Canadian ice hockey defenceman

Jason Wayne Strudwick (born July 17, 1975) is a Canadian former professional ice hockey defenceman and current broadcaster.

==Playing career==
Strudwick was drafted in the third round, 63rd overall, by the New York Islanders in the 1994 NHL entry draft. He played his first National Hockey League (NHL) game with the Islanders against the Hartford Whalers on March 30, 1996.

On March 23, 1998, he was traded to the Vancouver Canucks in exchange for Gino Odjick. On July 15, 2002, he signed as a free agent with the Chicago Blackhawks.

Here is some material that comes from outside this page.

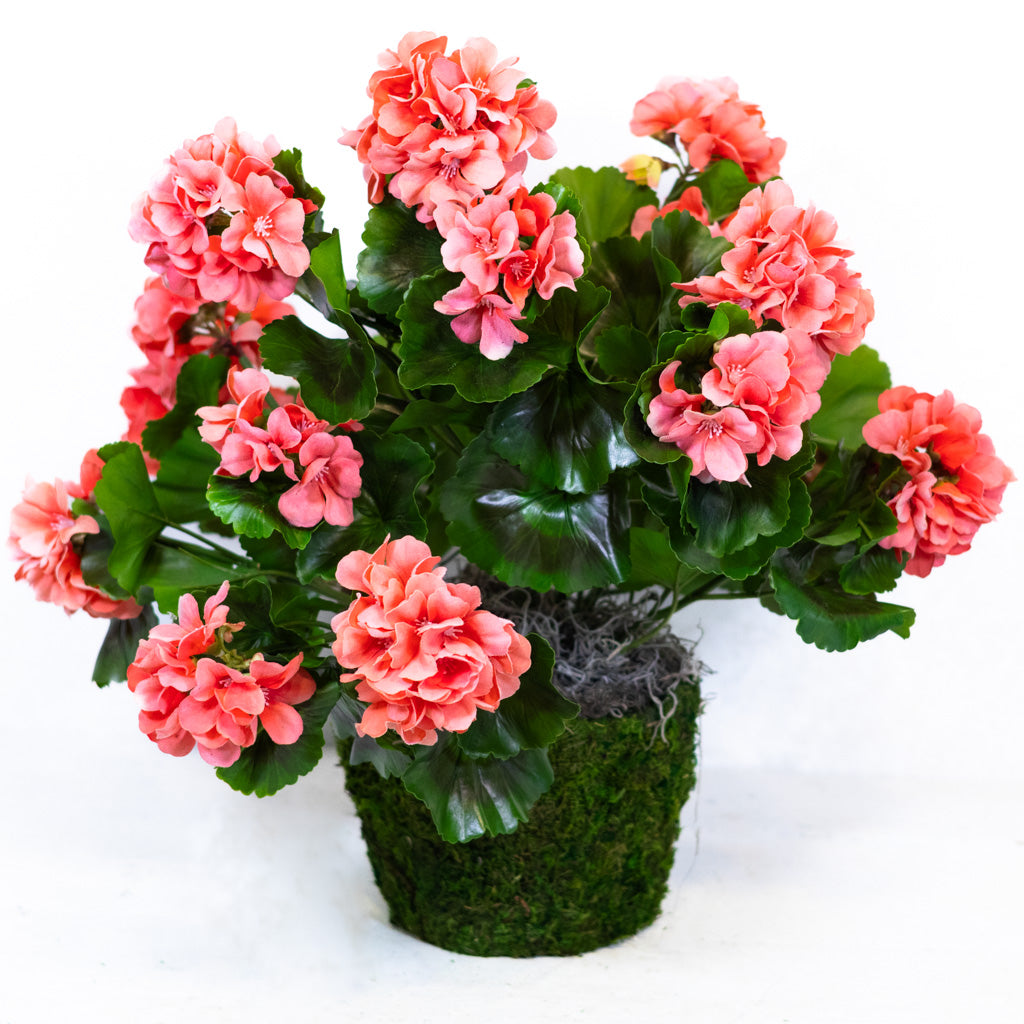 Salmon Geranium Moss Pot Drop In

After playing for the Hungarian team Ferencvárosi TC of OB I bajnokság during the 2004–05 NHL lockout, Strudwick returned to the NHL with the New York Rangers, the team with which he had previously signed as a free agent before the lockout on July 20, 2004, for the 2005–06 season.

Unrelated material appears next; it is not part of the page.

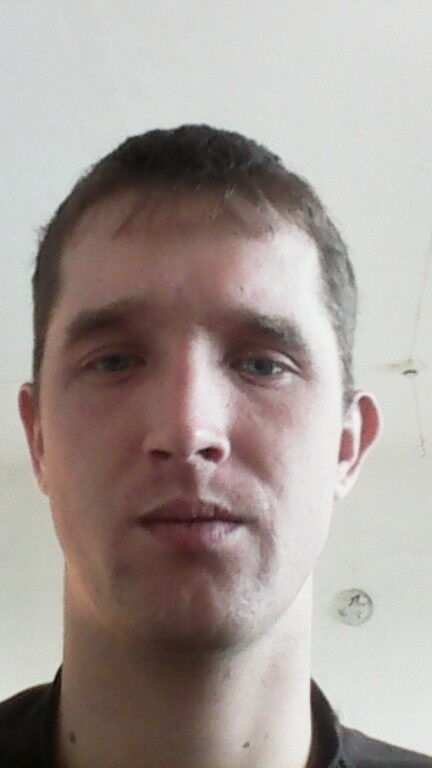  8785568  , 31 ,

Strudwick began the 2006–07 season with HC Lugano in Switzerland before signing a contract on March 19, 2007, with the Rangers. However, because he signed with the team after the trade deadline, he was not eligible to participate in the 2007 Stanley Cup playoffs. In July 2007, he signed a one-year contract with the Rangers and played with them through the 2007–08 season.

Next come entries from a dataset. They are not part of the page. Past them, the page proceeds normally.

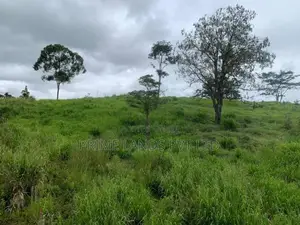 Land for Sale Pussellawa
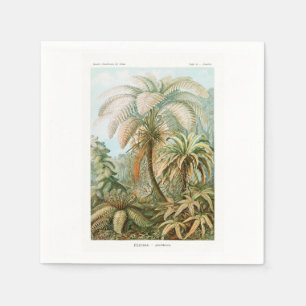 Serviette En Papier Palmier Ernst Haeckel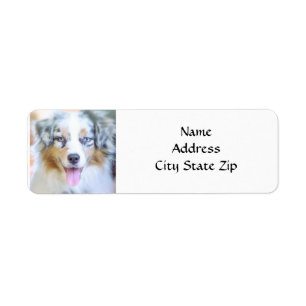 ÉTIQUETTE *AUSTRALIAN SHEPHERD* RETURN ADDRESS LABEL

On July 10, 2008, Strudwick signed a one-year contract with the Edmonton Oilers for the 2008–09 season. He would re-sign with the Oilers during the summer of 2009. On July 2, 2010, he again re-signed as a free agent with the Oilers for another one-year contract. On November 21, 2011, Strudwick signed with the Swedish club Södertälje SK of the Swedish Allsvenskan. On May 24, 2012, he announced his retirement from professional hockey.

== Post-hockey career==
After his retirement from the NHL, Strudwick hosted his own radio sports talk show, The Jason Strudwick Show, on Edmonton station TSN 1260, from 2012 to 2015. In May 2015, Strudwick moved to television, on Edmonton station City, where he hosted Dinner Television. The two-hour evening program featured newsmagazine and discussion segments. In May 2017, he returned to TSN as a co-host of the Jason Gregor Show.

He is now the co-host of the Got Yer Back podcast with Ryan Rishaug, and his feature segment is known as Struddy's World. This segment covers a variety of topics ranging from insider hockey insights to observational humour, with an introduction that includes his impersonation of Rodney Dangerfield.

==Personal life==
Born and raised in Edmonton, Alberta, Strudwick was an honours student at Archbishop MacDonald High School. In July 2006, he married Schoena Johnson of Elk Mountain, Wyoming, whom he met when they both worked in Chicago. As of 2017, they have three children. Schoena is now a business owner in Edmonton.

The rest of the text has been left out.